Por isso, na maioria das vezes, o câncer ocorre na idade adulta ou velhice, mas
nem sempre, há cânceres infantis. Células tumorais são rebeldes que não se
conformam mais com as regras definidas geneticamente para habitar um mesmo
corpo. Os cientistas que estudam o
câncer, na sua maioria, focaram em entender os mecanismos dessa rebeldia, e as
drogas anti-câncer sempre visavam impedir a divisão desenfreada dos tumores.
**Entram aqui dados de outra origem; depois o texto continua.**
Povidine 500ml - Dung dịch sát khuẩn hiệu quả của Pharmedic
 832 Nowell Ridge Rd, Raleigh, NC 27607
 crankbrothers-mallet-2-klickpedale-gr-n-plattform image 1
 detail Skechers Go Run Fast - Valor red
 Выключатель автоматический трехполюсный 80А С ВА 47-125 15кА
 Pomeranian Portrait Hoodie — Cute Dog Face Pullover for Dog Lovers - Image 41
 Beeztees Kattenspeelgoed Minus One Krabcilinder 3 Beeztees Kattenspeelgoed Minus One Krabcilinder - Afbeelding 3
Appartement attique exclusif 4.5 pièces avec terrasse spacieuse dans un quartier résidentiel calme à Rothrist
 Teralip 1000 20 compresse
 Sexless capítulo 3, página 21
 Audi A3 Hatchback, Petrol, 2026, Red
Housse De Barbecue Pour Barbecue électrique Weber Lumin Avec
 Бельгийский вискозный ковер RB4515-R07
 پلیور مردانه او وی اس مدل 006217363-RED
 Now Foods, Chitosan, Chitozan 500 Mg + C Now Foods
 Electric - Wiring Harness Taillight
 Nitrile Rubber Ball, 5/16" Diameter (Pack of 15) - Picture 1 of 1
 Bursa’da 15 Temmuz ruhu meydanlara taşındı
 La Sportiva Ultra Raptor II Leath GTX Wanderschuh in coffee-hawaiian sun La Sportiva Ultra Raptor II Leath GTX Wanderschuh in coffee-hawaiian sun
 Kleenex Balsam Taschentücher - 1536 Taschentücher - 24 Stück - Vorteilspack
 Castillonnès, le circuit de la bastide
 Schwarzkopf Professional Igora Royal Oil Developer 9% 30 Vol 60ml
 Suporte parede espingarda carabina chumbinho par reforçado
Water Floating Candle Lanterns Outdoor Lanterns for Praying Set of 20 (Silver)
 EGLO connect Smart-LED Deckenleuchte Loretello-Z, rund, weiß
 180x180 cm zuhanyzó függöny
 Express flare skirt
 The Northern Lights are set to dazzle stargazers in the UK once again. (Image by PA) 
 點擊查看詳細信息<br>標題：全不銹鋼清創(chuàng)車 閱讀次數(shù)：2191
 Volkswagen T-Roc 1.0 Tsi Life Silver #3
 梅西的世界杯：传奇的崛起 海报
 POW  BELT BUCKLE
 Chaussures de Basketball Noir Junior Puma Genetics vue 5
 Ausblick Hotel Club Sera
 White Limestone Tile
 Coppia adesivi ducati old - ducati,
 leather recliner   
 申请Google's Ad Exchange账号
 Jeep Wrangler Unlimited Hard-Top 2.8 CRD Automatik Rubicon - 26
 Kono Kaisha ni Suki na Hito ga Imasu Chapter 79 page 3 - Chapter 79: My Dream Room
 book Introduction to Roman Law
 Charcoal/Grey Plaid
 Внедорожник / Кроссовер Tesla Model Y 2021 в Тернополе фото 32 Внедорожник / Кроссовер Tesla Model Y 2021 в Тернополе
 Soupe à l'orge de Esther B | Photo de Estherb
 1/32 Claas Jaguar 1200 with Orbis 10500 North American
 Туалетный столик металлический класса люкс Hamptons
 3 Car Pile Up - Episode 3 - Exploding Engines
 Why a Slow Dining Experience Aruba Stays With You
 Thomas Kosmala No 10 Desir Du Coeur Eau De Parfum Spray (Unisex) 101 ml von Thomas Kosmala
Essas drogas salvaram e prolongaram muitas vidas, mas sempre debilitaram muito
a pessoa que as recebe.
No nosso
corpo, as células que se dividem mais rápido, depois de um tumor, são as
células do sistema imune. Nossas defesas funcionam como um mercado econômico
regulado por oferta e demanda. As células imunes se dividem quando temos uma
infecção, e voltam ao numero normal quando não são mais necessárias. Ao impedir
a expansão do câncer, algumas drogas impediam também as nossas defesas.
Nos últimos
dez anos, depois de mais de um século de debate, surgiu o mais revolucionário
tratamento anti-tumoral: a ativação da resposta imune. Resulta que os tumores,
ao crescer, são vistos e inicialmente contidos pelas nossas defesas, mas acham
maneiras de bloquear as mesmas, e voltam a se expandir. Os novos medicamentos
anti-câncer desfazem esse bloqueio, deixando que o próprio corpo controle o
tumor. O medicamento não age no tumor, age na resposta. Tudo ainda inicial,
tudo ainda com efeitos colaterais, muito ainda a ser melhorado. Mas, que volta
comprida tivemos de fazer, ao ignorar o potencial que a evolução nos deu.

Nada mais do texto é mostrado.